* _Exercise material_:

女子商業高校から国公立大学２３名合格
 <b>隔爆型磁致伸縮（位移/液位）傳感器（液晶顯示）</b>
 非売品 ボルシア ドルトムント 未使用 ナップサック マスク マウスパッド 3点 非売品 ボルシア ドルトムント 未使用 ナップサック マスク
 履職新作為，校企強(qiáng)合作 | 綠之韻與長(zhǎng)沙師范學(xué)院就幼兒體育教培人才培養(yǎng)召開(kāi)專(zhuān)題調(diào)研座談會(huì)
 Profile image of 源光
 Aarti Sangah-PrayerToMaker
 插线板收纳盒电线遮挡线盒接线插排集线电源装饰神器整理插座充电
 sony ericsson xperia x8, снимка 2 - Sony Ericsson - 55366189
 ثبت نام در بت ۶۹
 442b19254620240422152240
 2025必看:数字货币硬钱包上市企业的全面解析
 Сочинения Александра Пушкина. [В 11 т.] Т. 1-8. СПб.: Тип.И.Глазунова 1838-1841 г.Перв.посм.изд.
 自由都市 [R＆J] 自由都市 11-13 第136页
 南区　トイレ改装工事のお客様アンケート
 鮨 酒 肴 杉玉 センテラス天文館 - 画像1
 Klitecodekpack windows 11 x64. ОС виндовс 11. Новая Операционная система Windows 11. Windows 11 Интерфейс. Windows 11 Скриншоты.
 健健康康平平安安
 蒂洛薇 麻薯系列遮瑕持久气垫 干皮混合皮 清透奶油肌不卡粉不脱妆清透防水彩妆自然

* _Exercise instructions_: Once you have read the data, reproduce all of it exactly.

* _Result of this task_:
女子商業高校から国公立大学２３名合格
 <b>隔爆型磁致伸縮（位移/液位）傳感器（液晶顯示）</b>
 非売品 ボルシア ドルトムント 未使用 ナップサック マスク マウスパッド 3点 非売品 ボルシア ドルトムント 未使用 ナップサック マスク
 履職新作為，校企強(qiáng)合作 | 綠之韻與長(zhǎng)沙師范學(xué)院就幼兒體育教培人才培養(yǎng)召開(kāi)專(zhuān)題調(diào)研座談會(huì)
 Profile image of 源光
 Aarti Sangah-PrayerToMaker
 插线板收纳盒电线遮挡线盒接线插排集线电源装饰神器整理插座充电
 sony ericsson xperia x8, снимка 2 - Sony Ericsson - 55366189
 ثبت نام در بت ۶۹
 442b19254620240422152240
 2025必看:数字货币硬钱包上市企业的全面解析
 Сочинения Александра Пушкина. [В 11 т.] Т. 1-8. СПб.: Тип.И.Глазунова 1838-1841 г.Перв.посм.изд.
 自由都市 [R＆J] 自由都市 11-13 第136页
 南区　トイレ改装工事のお客様アンケート
 鮨 酒 肴 杉玉 センテラス天文館 - 画像1
 Klitecodekpack windows 11 x64. ОС виндовс 11. Новая Операционная система Windows 11. Windows 11 Интерфейс. Windows 11 Скриншоты.
 健健康康平平安安
 蒂洛薇 麻薯系列遮瑕持久气垫 干皮混合皮 清透奶油肌不卡粉不脱妆清透防水彩妆自然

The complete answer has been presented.